In the listing below, locate the line with "0.56-inch 3-digit digital" and the line with "Classic Tartan Polo", then output both and everything between them exactly, minus any pictures.

▶ _SOURCE MATERIAL_:
BEGIN
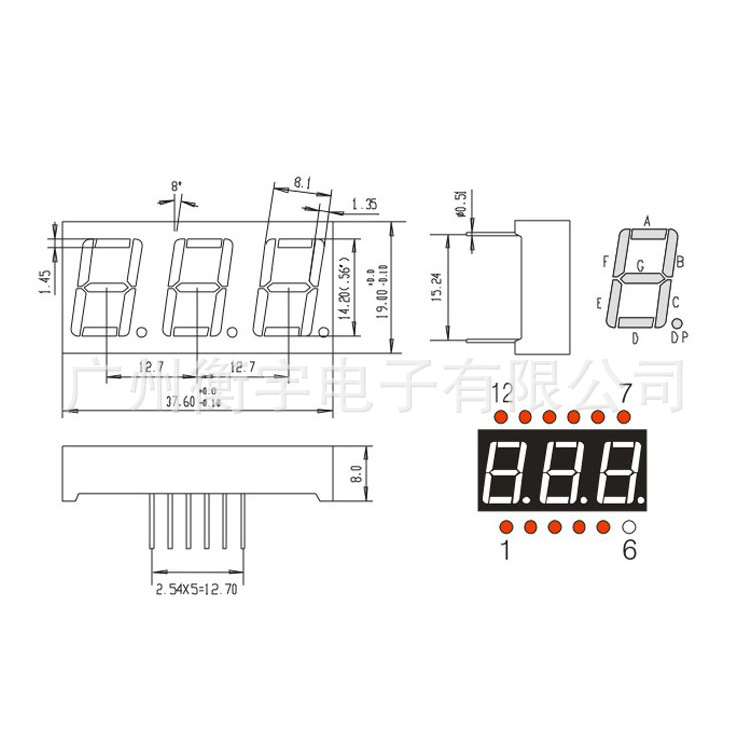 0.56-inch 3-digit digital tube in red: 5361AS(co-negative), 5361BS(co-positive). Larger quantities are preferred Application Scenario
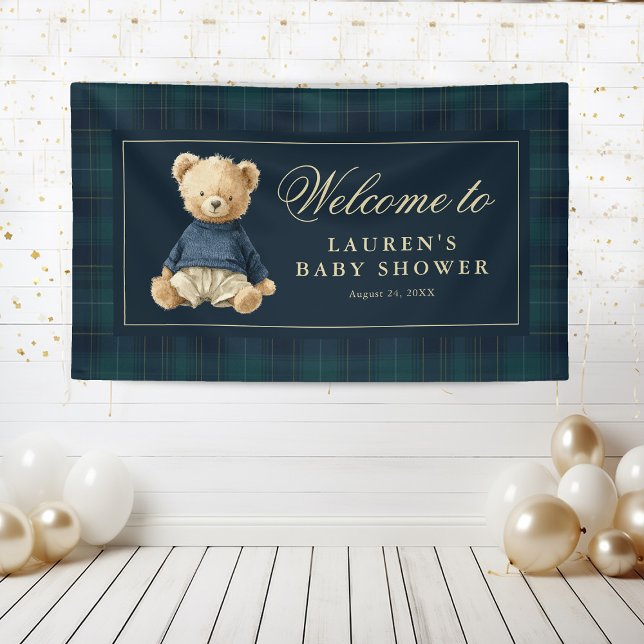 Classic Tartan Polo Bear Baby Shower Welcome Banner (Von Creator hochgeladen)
END
BEGIN
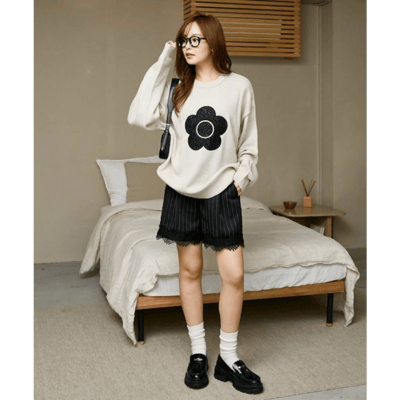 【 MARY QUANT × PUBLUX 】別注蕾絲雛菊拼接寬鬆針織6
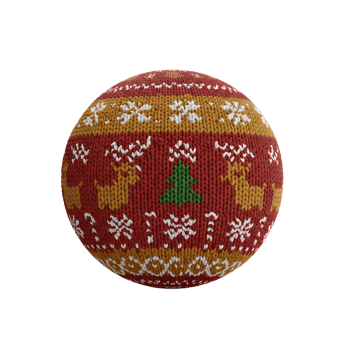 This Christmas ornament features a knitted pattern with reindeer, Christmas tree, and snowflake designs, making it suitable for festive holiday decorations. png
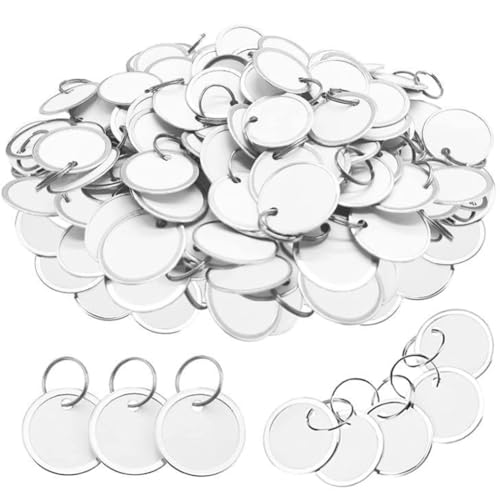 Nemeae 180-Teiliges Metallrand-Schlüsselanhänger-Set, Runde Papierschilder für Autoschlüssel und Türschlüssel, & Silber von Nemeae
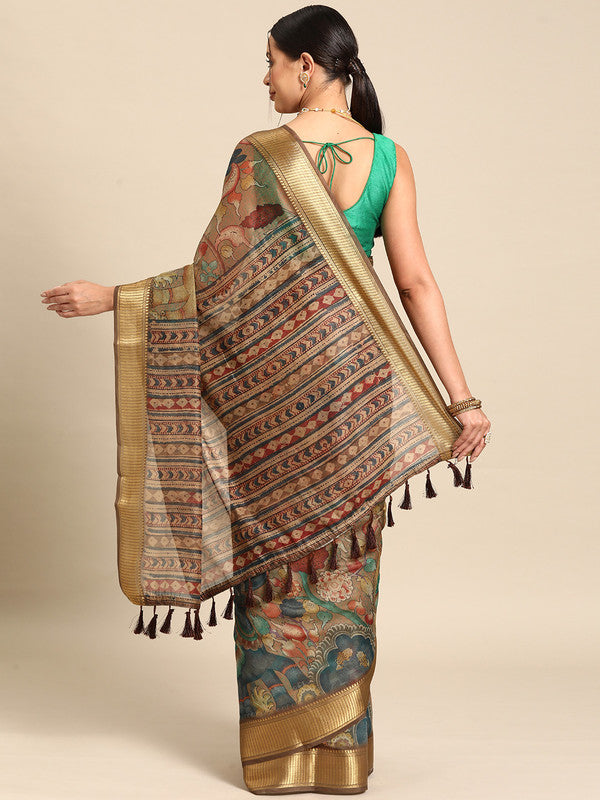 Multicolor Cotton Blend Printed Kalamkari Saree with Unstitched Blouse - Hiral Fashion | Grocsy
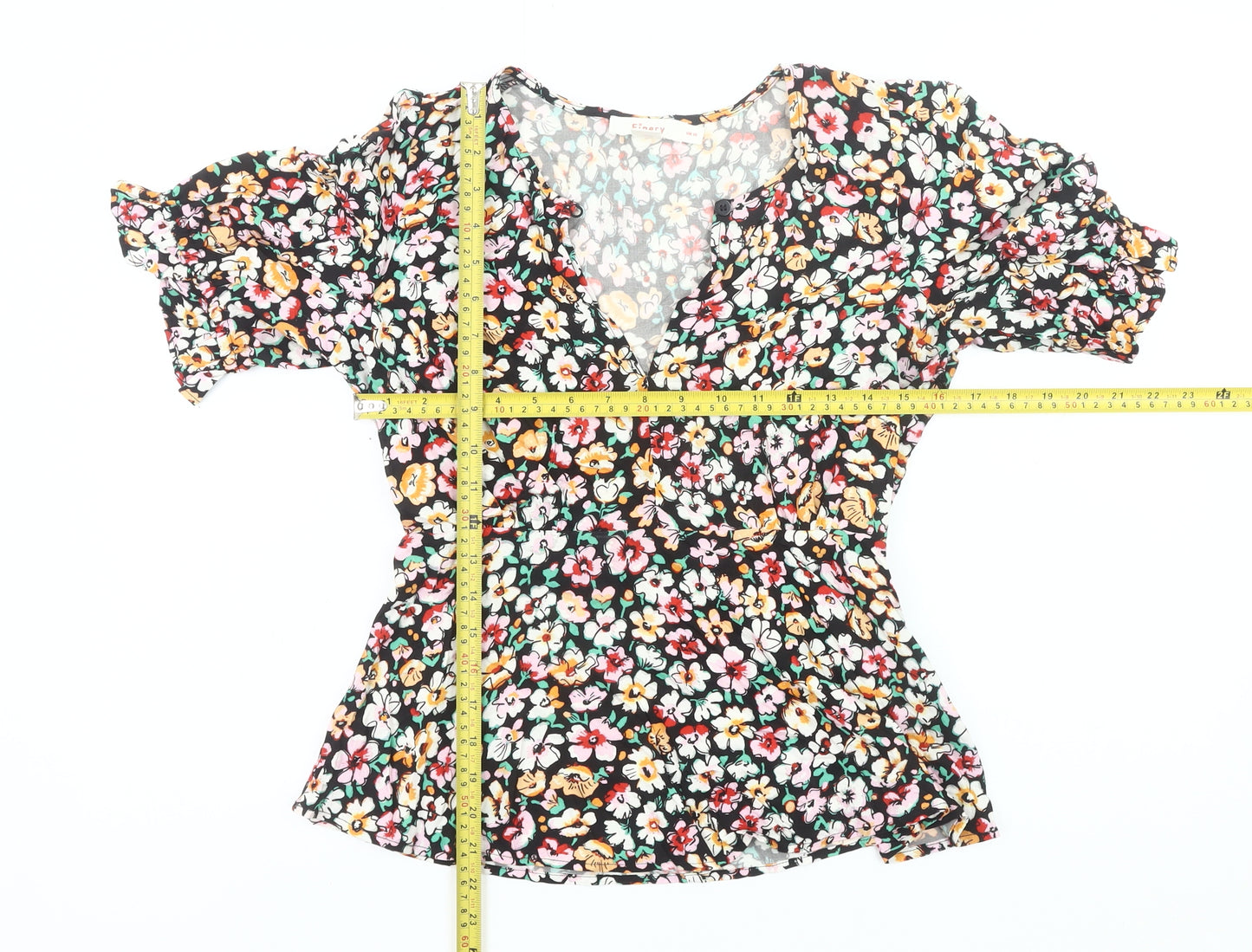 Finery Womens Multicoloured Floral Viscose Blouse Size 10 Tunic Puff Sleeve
END
BEGIN
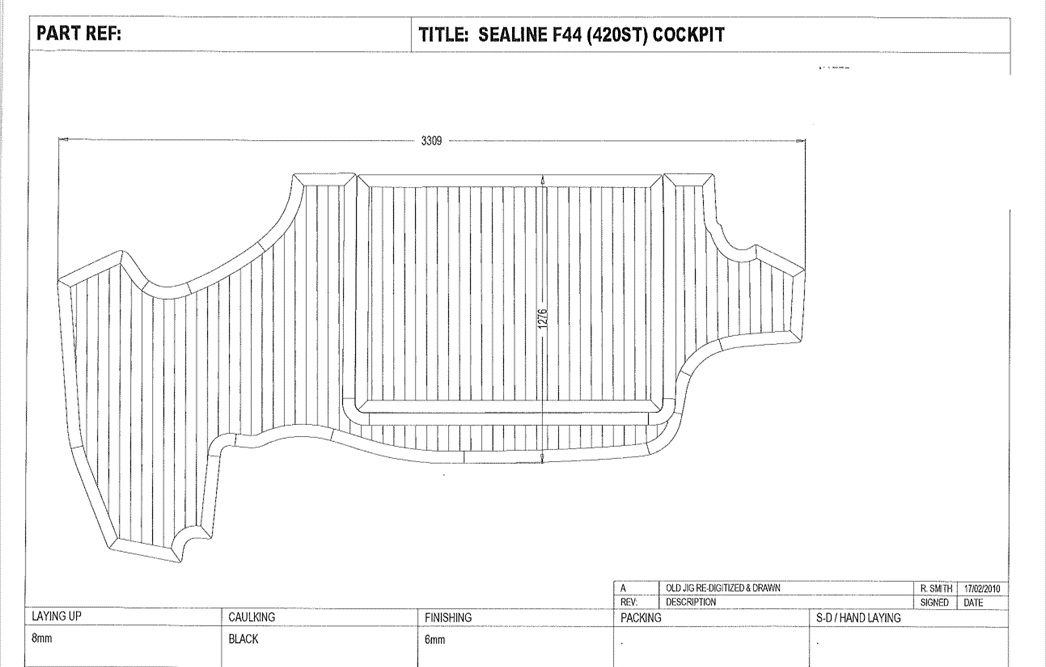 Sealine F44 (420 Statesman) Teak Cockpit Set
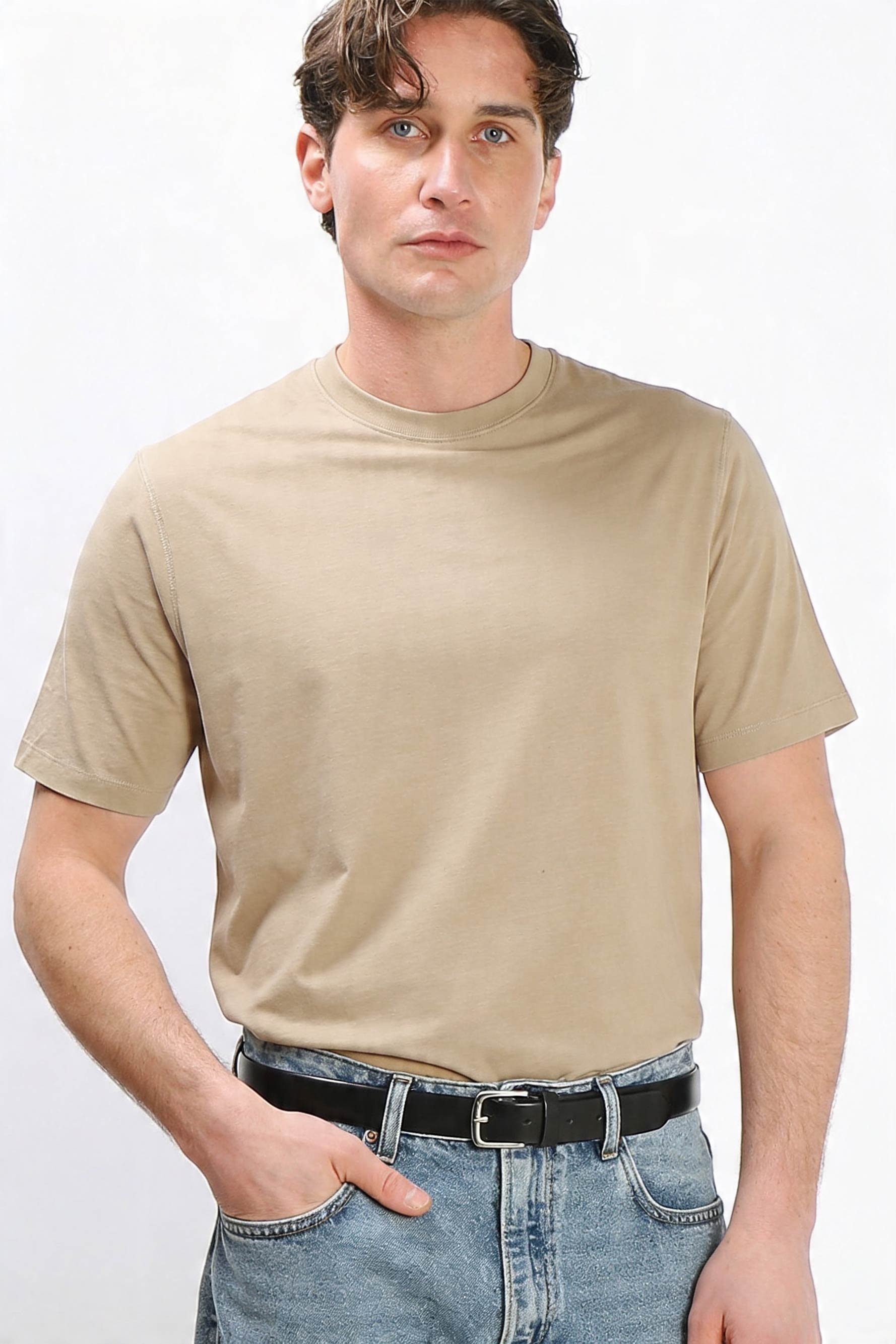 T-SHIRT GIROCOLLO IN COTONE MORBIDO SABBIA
END
▶ _RESPONSE BOX_:
 0.56-inch 3-digit digital tube in red: 5361AS(co-negative), 5361BS(co-positive). Larger quantities are preferred Application Scenario
 Classic Tartan Polo Bear Baby Shower Welcome Banner (Von Creator hochgeladen)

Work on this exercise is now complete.